The Secretary-General said that “even the most ambitious action” could not erase the fact that “the situation is already bad” and in some places irreversible.

“Adaptation and mitigation must be pursued with equal force and urgency… adaptation investments need to be dramatically scaled up to keep pace with accelerating impacts,” he said, calling on all donors and technical partners to work with the UN and vulnerable governments to identify and fund projects and programmes.”

The top UN official also pressed for new, simplified eligibility systems and increased adaptation and resilience investment.

Beginning with public finance, he said, wealthier countries must make good on their 2022 climate financial commitment of $100 billion to developing countries – with international financial institutions making it a priority….
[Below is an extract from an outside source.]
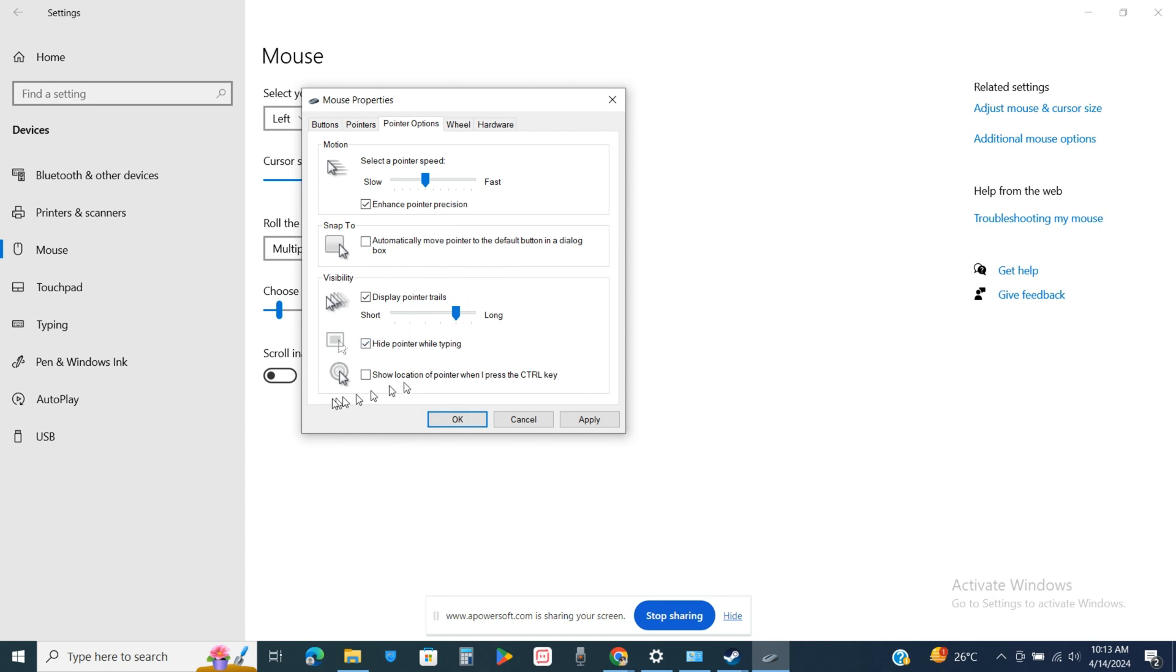Once you are done tweaking up all these settings, you just simply click on apply and this way you will be able to change your mouse settings. So that's how you will be able to change your mouse DPI to 800.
Secondly, he said, blended finance required those institutions to partner with the private sector for joint investments, and innovation, to unlock trillions for the transition.

Finally, private finance must invest “far more” in net-zero and climate-resilient transitions for emerging economies, he added.
“It is the right thing to do – and the profitable thing to do,” he argued.

Instead of “hitting the brakes” on decarbonizing the global economy, the Secretary-General urged everyone to “put the pedal to the metal towards a renewable energy future”.

He concluded by laying out steps to meet the 1.5 degree goal, beginning with accelerating the phase-out of coal and fossil fuels; implementing a just and sustainable energy transition; and strengthening national climate plans.

“Also imperative is to help emerging economies urgently phase out coal; increase climate finance to unlock needed trillions; decarbonize major sectors – such as shipping, aviation, steel and cement – and protect the most vulnerable by ensuring an equal focus on adaptation.”